People with chronic back pain may turn to spinal cord stimulation to ease their pain, but a University of Sydney led Cochrane Review found no sustained benefits to the surgery that outweigh the costs and risks.  

Spinal cord stimulation, a medical technology suggested to treat people with chronic back pain, does not provide long-term relief and may cause harm, according to a Cochrane Review released today.

Spinal cord stimulation is thought to work by planting a device that sends electrical pulses to the spinal cord to interrupt nerve signals before they reach the brain.

The study reviewed published clinical data on spinal cord stimulation. This included randomised controlled trials, considered to be the most robust method to measure the effectiveness of a treatment in medical research.

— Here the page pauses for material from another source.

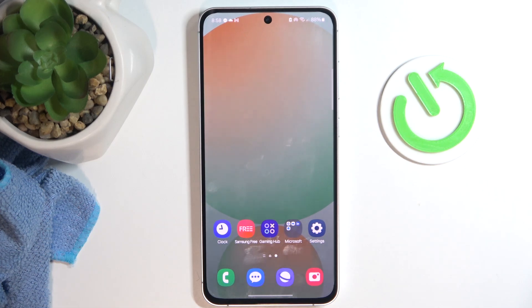Hello, welcome to the Hard Reset channel, and today I'm going to show you how to add a fingerprint to your Samsung Galaxy M55s.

The researchers analysed the results of 13 clinical trials, looking at data from 699 participants, comparing spinal cord stimulation treatment with placebo or no treatment for low back pain.

Cochrane reviews are trusted by researchers, medical professionals and policymakers because they use robust methodologies to combine evidence from multiple sources, reducing the impact of bias and random error that can make individual studies less reliable.

The review concluded that spinal cord stimulation is no better than a placebo for treating low back pain, with probably little to no benefits for people with low back pain or improving their quality of life.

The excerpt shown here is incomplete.